Campaign finance reports show the Chamber’s PAC raised about $235,000 in a last minute effort in 2019, while the campaign arm of the Working Families Party – whose candidate Kendra Brooks won one of Council’s two at-large seats held by Republicans since the 1950s – raised more than $1 million from both local and national sources.
However, local lobbyist John Hawkins said the Chamber’s decision to become more politically active and build relationships with city politicians is “moving in the right direction.” In a shift from previous mayoral administrations, the Chamber and other business interests cannot rely on Mayor Jim Kenney to support pro-growth policies, noted Joseph McLaughlin, a former lobbyist and now director of Temple University’s Institute for Public Affairs.
City Scraps Next Round Of Reassessments; Chief Assessor Departs
Following two years of property assessment increases and subsequent tax hikes, the city will not complete property reassessments due in April for 2021 market values, ensuring most will remain unchanged from last year’s values.
The decision comes as the city’s Board of Revision of Taxes (BRT) faces a backlog of appeals filed by more than 10,000 property owners over their 2019 assessments. The city missed its own deadline to have those appeal hearings completed by the end of December.
This announcement was followed late last Friday with the announcement that Mike Piper, chief assessor, was departing from his role and taking a new job in Chicago.
The Office of Property Assessment (OPA) has been facing growing criticism since property values increased 10.5% in 2019 and climbed by another 5% under the 2020 assessments. An independent audit found significant flaws in the city’s assessment practices, prompting changes to the OPA’s assessment methodology. The new methodology, known as trending, was scrapped after initial results showed accuracy issues.
Mayor Vetoes Developer Agreement Mandate, Wage Tax Rebate
Mayor Jim Kenney declined to sign six pieces of legislation at the end of City Council’s four-year term. The bills include Council President Darrell Clarke’s mandate for developers to provide direct benefits to neighborhoods where they build major projects, Councilmember Allan Domb’s proposed wage tax rebate for low-income households, and an expansion of the homestead exemption that accompanied the recently passed phase-down of the 10-year property tax abatement.
The mayor said the upcoming budget season would be a more appropriate time to consider the wage tax credit and homestead exemption expansion, which would expand the property tax break. The vetoed pieces of legislation could be reintroduced when City Council reconvenes with a number of newly elected members.
Kenney Picks Police Chief From Portland, Oregon As New Police Commissioner
Mayor Jim Kenney has chosen Danielle Outlaw as the city’s new police commissioner. Outlaw, who begins in her new role on February 10, is a native of Oakland, California, and most recently served for two years as police chief in Portland, Oregon.
After a first term marked by “shying away from the big decisions that could engender backlash from entrenched, narrow interests,” The Philadelphia Citizen stated that Kenney’s choice of Outlaw “has taken a step toward rewriting that narrative, defying the preferences of the police union as well as many in the department itself.”

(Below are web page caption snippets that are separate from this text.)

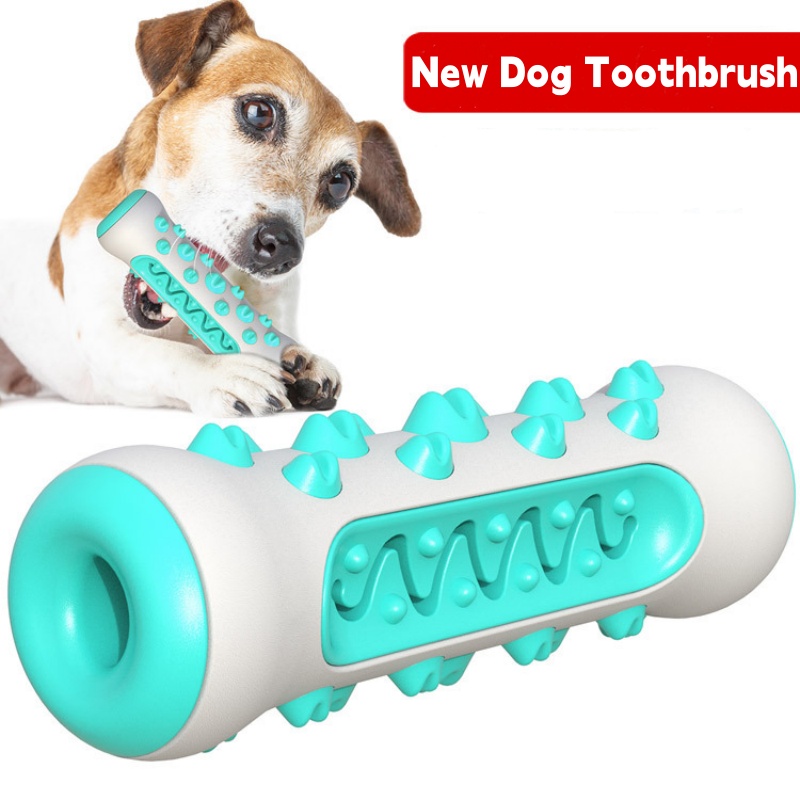 1 pièce, jouet à mâcher enzyma - Teeth Cleaning Dog Chew Bone avis et prix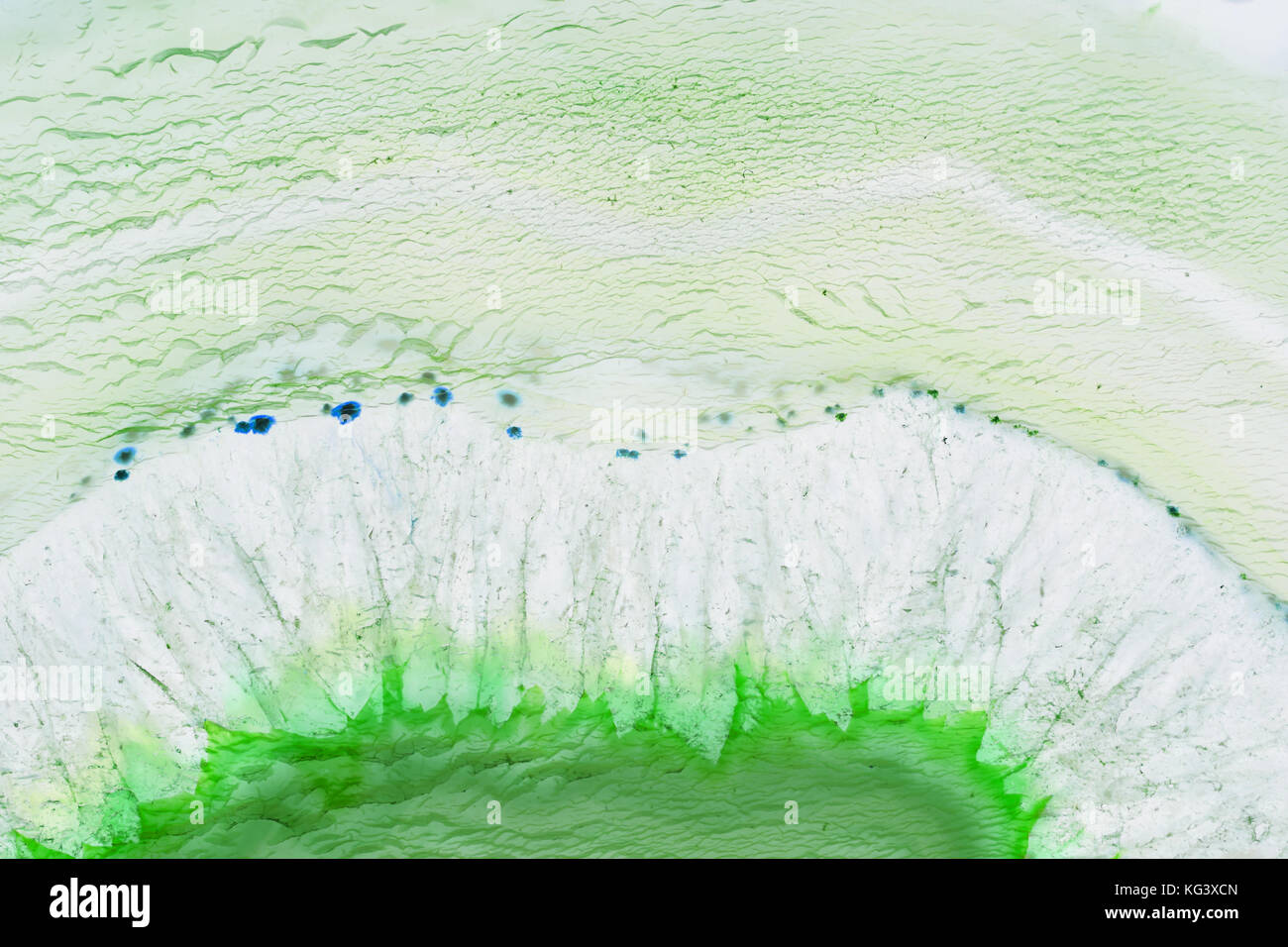 Zusammenfassung Hintergrund - grüner Achat mineral Querschnitt Stockfoto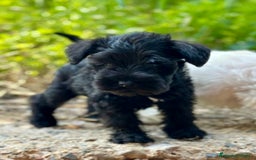 Schnauzer Miniatura perros en venta: SCHNAUZER MINIATURA DISPONIBLES - Imagen 5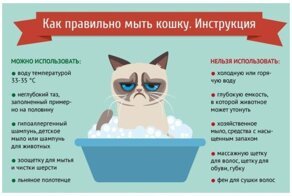 27 жизненных и полезных шпаргалок, отвечающих на вопрос "Как"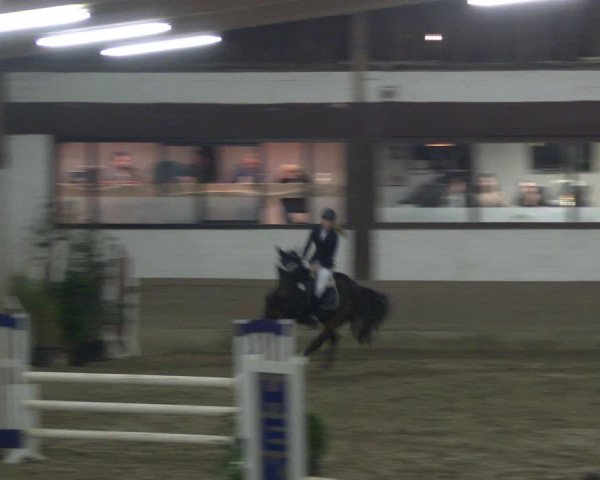 Reitturnier Vlotho-Valdorf 2019
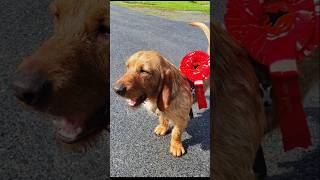 BALDER basset fauve de bretagne rairides Davik Bremanger doglover dog jakthund [upl. by Ecnatsnoc]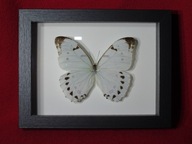 Motyl w ramce / gablotce 17 x 22 cm . Morpho luna - 120 mm .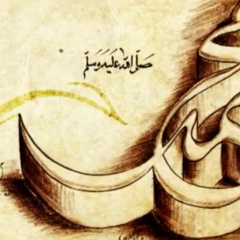 Shamil Mezhidov, 05.03, Грозный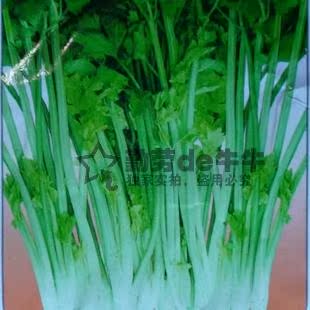 无土栽培蔬菜设备\/家庭有机蔬菜种植机架箱套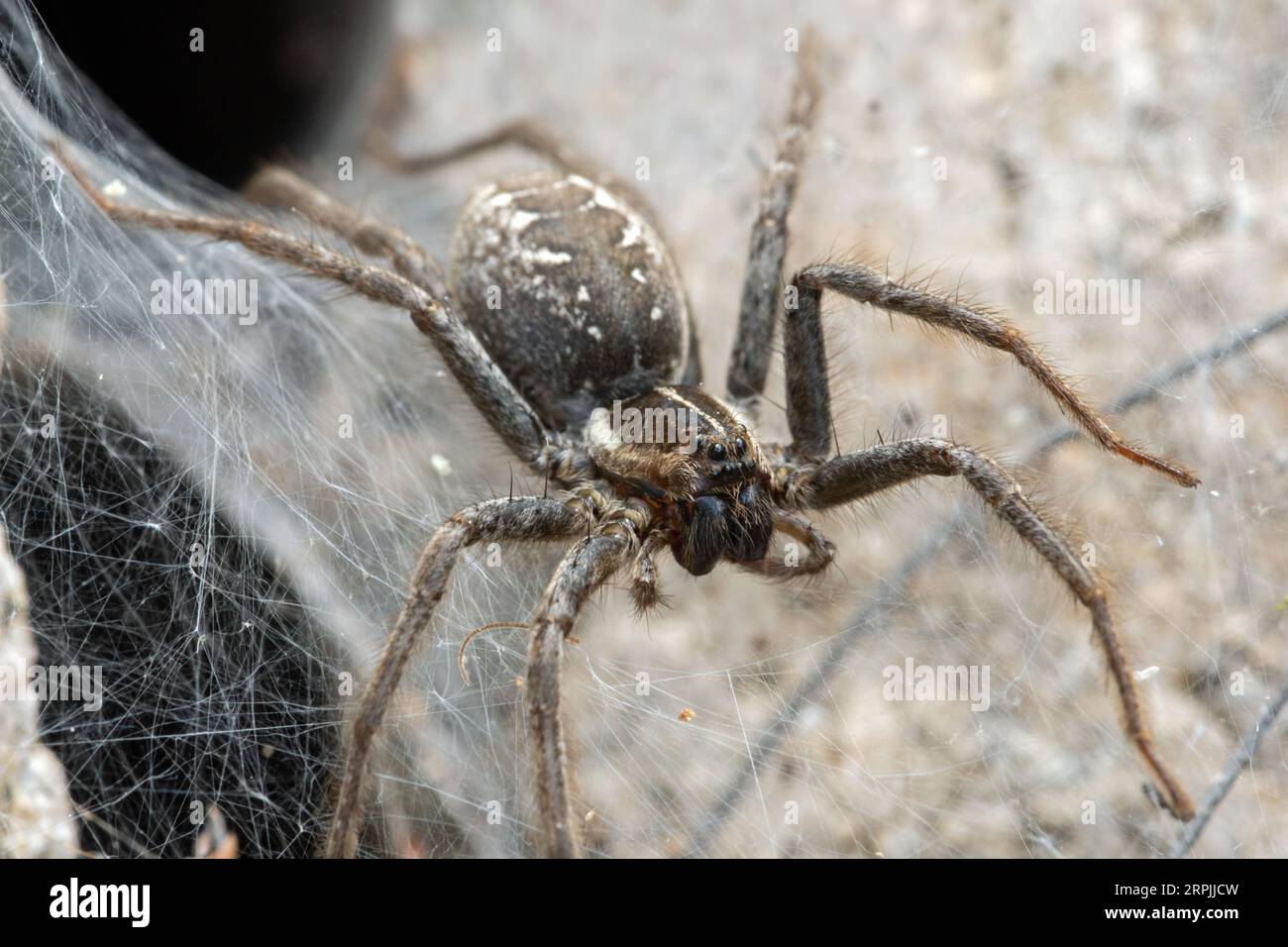 Entonnoir toile Wolf Spider (Sosippus californicus) à l'entrée d'un terrier Banque D'Images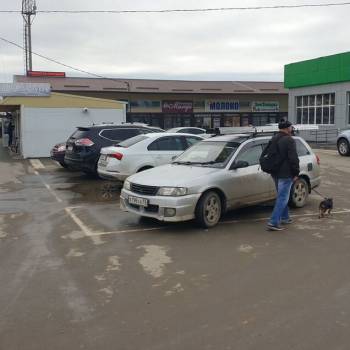 Сдается Торговое помещение, 48 м²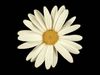 fibonacci_daisy.jpg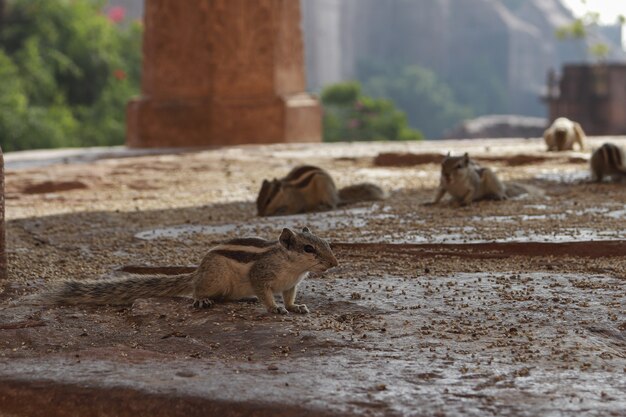 Group of cute small chipmunks on a wooden surface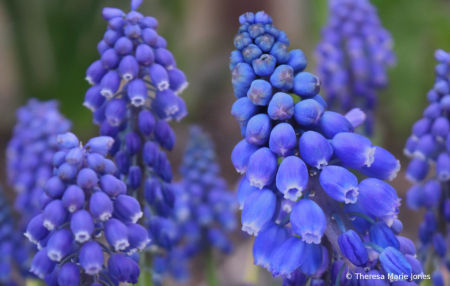 Spring Flowers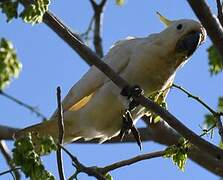 Yellow-crested Cockatoo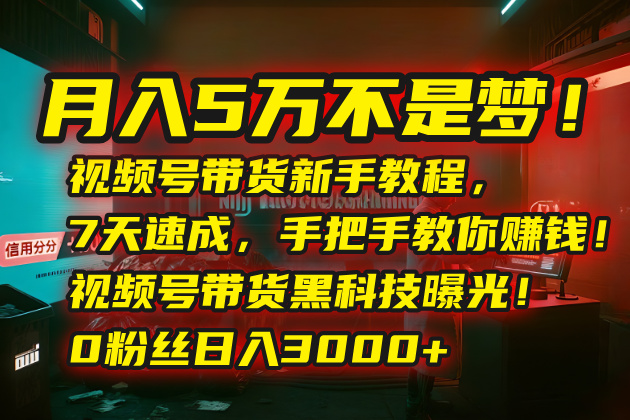 月入5万不是梦！视频号带货新手教程，7天速成，手把手教你赚钱！视频号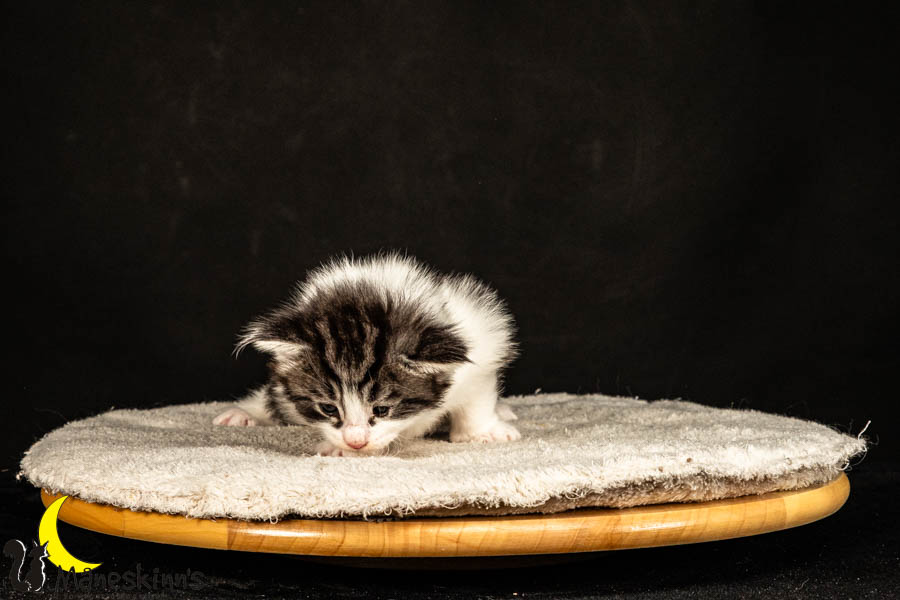 Urda (27 Tage alt)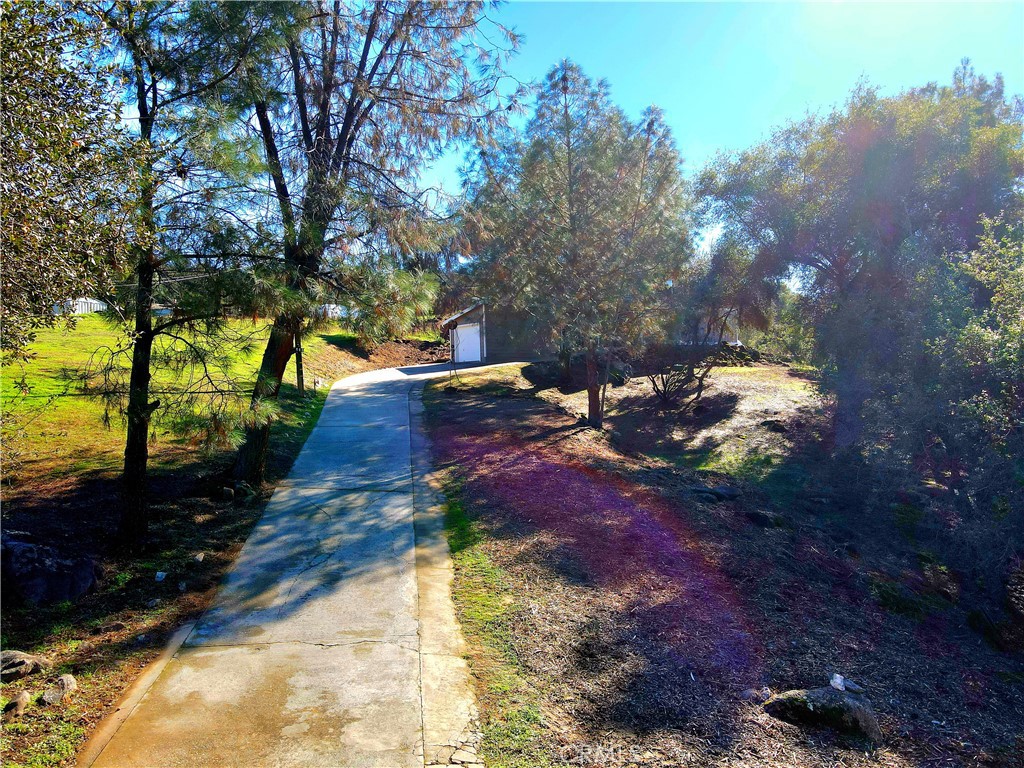 43629 Ranger Cir Drive Coarsegold, CA 93614 - Photo 54 of 54 a view of yard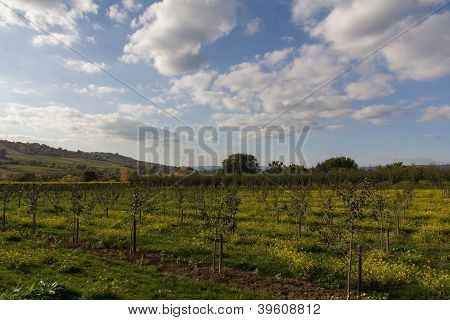 Vigneto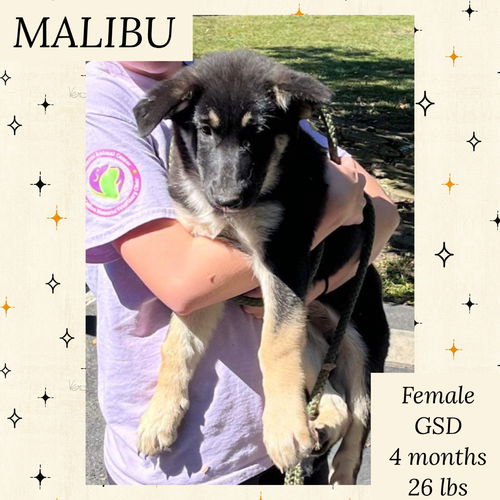 MALIBU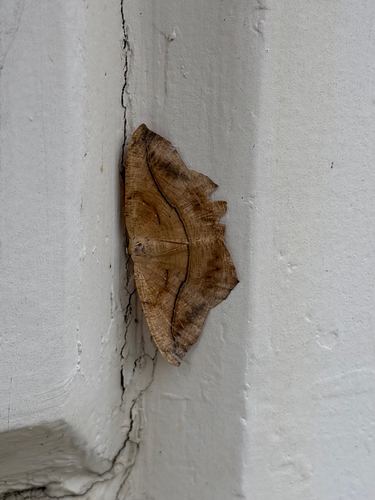 Large Maple Spanworm Moth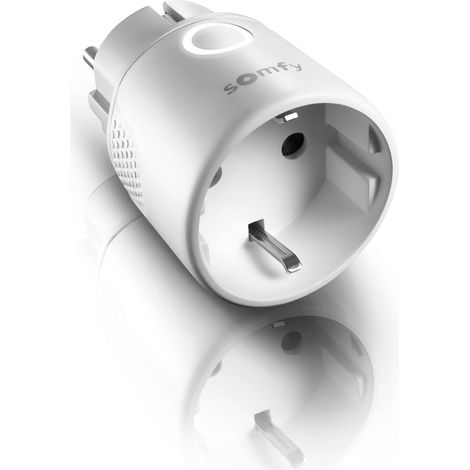 Presa Elettrica Radio On-Off Io Tipo F Per TAHOMA SOMFY 1822618 (1/3)
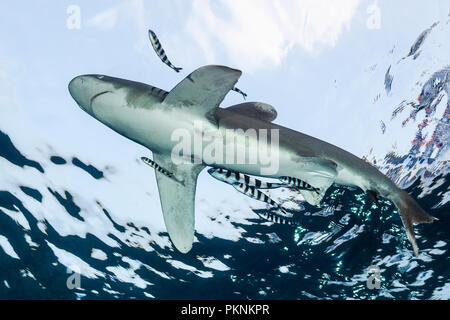 Requin océanique, Carcharhinus longimanus, Océan Atlantique, France Banque D'Images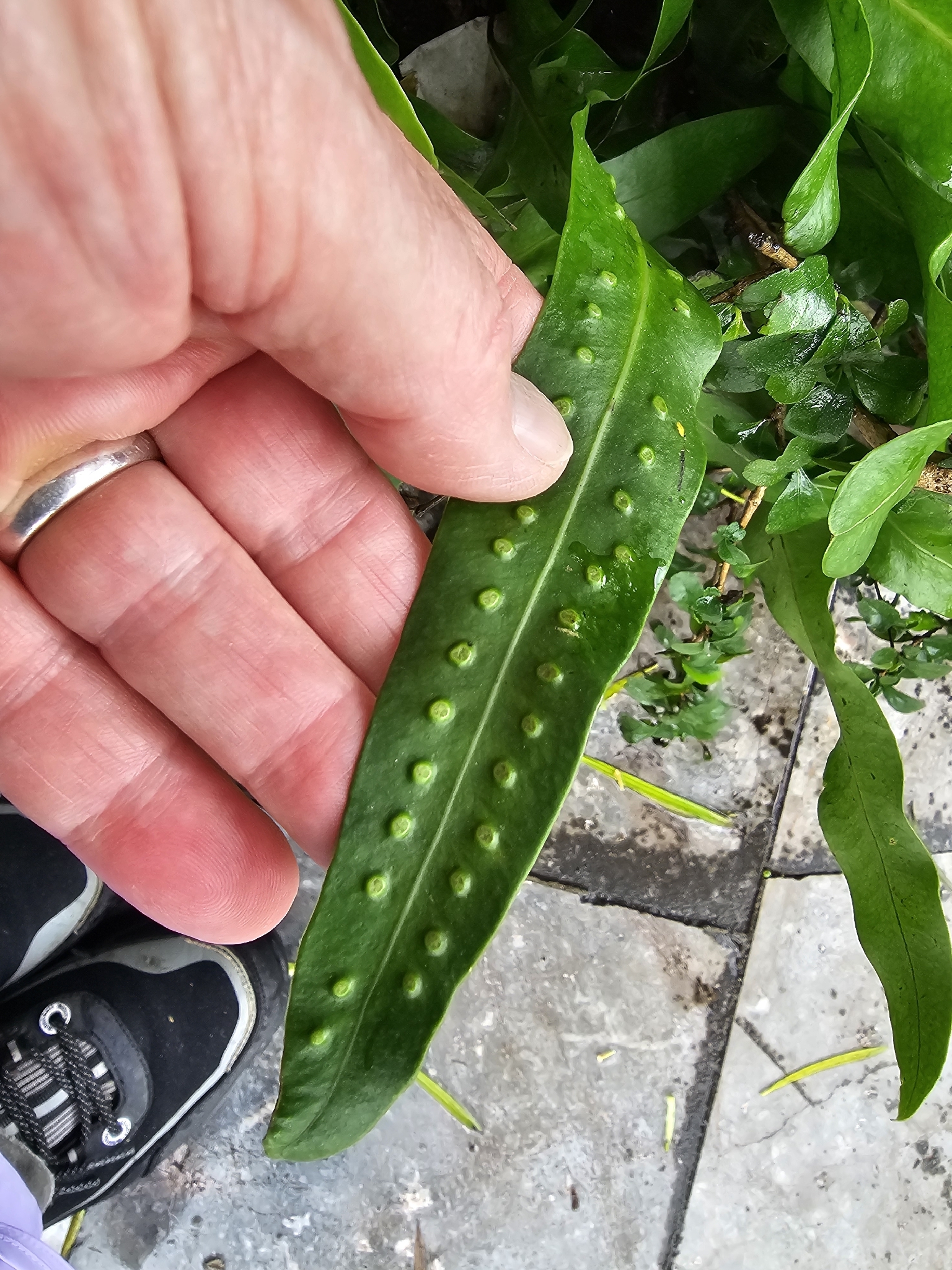 Microsorum scolopendria (Microsorum scolopendria)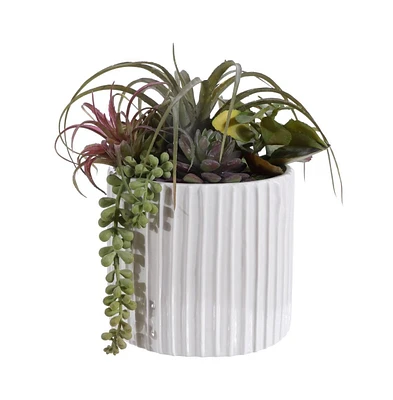 Safavieh Faux Mixed Succulent Potted Plant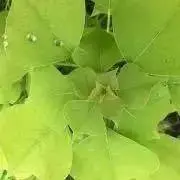 じゃがいもの画像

In her 2018 TED Talk, Outlaw states that “there can be humanity in authority,” and discusses the value of police departments “owning” their missteps and to police organizations being “learning institutions.”
Office Sector News
NYC’s West Side Turning Into Tech Corridor; 20K Jobs In Pipeline
Four tech companies — Amazon, Apple, Facebook and Google — will soon have 20,000 workers in New York City and collectively are “turning a broad swath of Manhattan into one of the world’s most vibrant tech corridors,” The New York Times reports. The article, published Sunday, also noted that the growth “is occurring largely without major economic incentives from the city and state governments.”
“Tech companies are choosing New York to tap into its deep and skilled talent pool and to attract employees who prefer the city’s diverse economy over technology-dominated hubs on the West Coast,” the Times said. The piece also pointed out that while Amazon scrapped plans in February to build a corporate campus in Queens after criticism of the city’s $3 billion incentive package, the e-commerce giant announced last month that it now plans to lease space for 1,500 workers in Manhattan.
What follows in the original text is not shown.